A view showing a carpet of thick, dark green bush covering many acres, and set in the midst of lighter green shape – a perfectly formed butterfly. It could be seen from the top of the Matipo Street Track from the 1920s to 1951 when looking down into the valley. After 1951 it gradually lessened due to either bush fires or bush clearance.

Source – Map. Information – Butterfly Creek – A Visitors Guide To The Forests Between Eastbourne And Wainuiomata by Eastbourne Forest Rangers. Time Frame – 1900s.

Camac Hut, Gollans Valley Hut
An amalgamation of two peoples first name and surname, that is Cameron William Grant Jelley (1911 – 1979) and Percival David Anthony McCrae (1913 – 1982). The hut was in existence from the 1920s to 1963.

Source – Newspaper Article. Information – Electoral Roll.
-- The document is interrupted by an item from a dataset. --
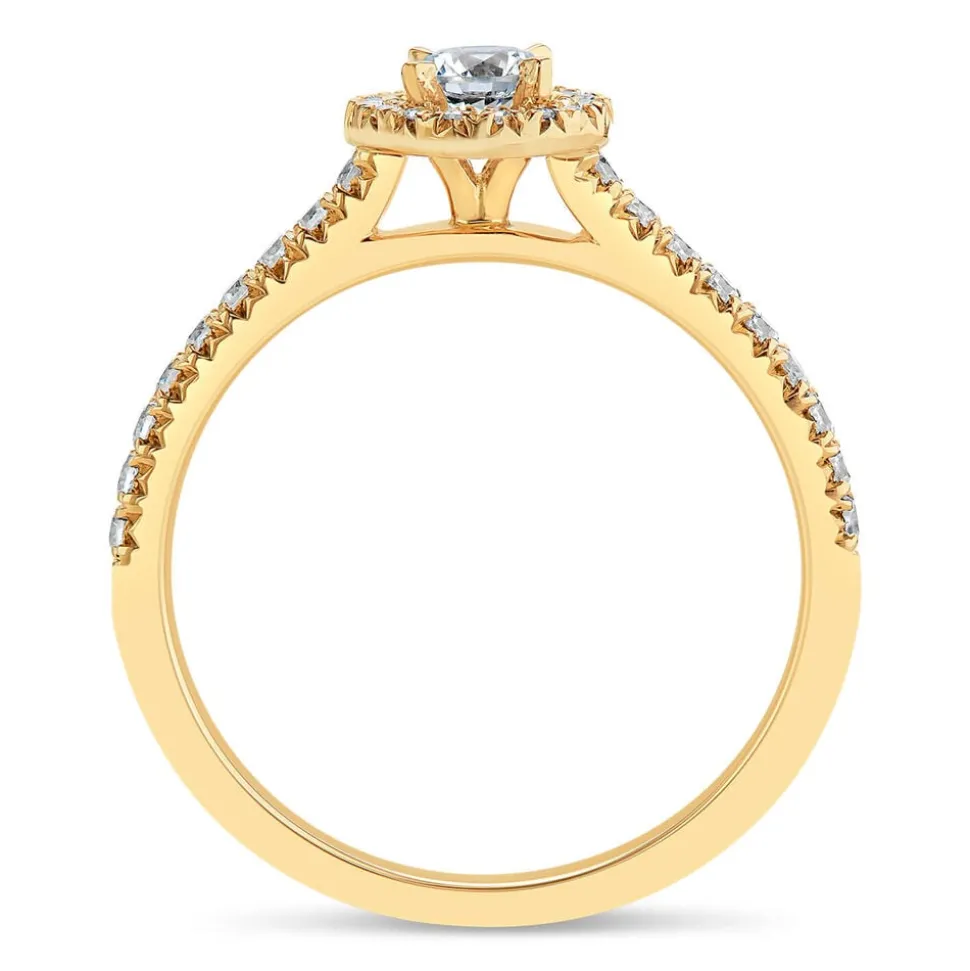 Northern Star 0.45ct Round Solitaire Diamond Halo Diamond Shoulders 18ct Yellow Gold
Time Frame – 1920s.

Cameron Creek Water
Cameron, Mt High Point
Cameron Ridge Track Track
John Cameron (1823 – 1888) was a 19th century settler in the Gollans Valley area. The family farmed from the 1840s to 1914. Mt Cameron was also known as Rhodes Hill. Cameron Stream is also known as Waimikomiko Stream.

Source – Map. Information – The Land Barons Of Wainuiomata by Gavin Wallace. Time Frame – 1840s.

Camp Bay Geographic Feature
People from Eastbourne used to camp here in the summer months in the early 20th Century.

Source – Map. Information – The Pencarrow Walk – Eastbourne to Kohangatera compiled and published by the East Harbour Environmental Association. Time Frame – 1900s.

Cheviot Road Track Track
Cheviot Wellington Rangi Dillion Bell (1892 – 1960) was a son of Francis Henry Dillon Bell (1851 – 1936) who owned land in Lowry Bay, Eastbourne.

Source – Map. Information – Valley And Bays – Origins Of Street Names In Lower Hutt, including Eastbourne, Petone and Wainuiomata by Alison Carey and Wikipedia. Time Frame – 1930s.

Coolag Hut, Gollans Valley Hut
The origin of this name is not known. It is however known that it was named after 2 people whose surname started with Coo and Lag. The hut was in existence from the 1920s to 1963.

Source – Newspaper Article. Information – ?? Time Frame – 1920s.

CW Jelleys Hut, Gollans Valley Hut
Cameron William Grant Jelley (1911 – 1979) was a tramper in the Wainuiomata and Orongorongos from the 1930s. The hut was in existence from the 1930s to 1963.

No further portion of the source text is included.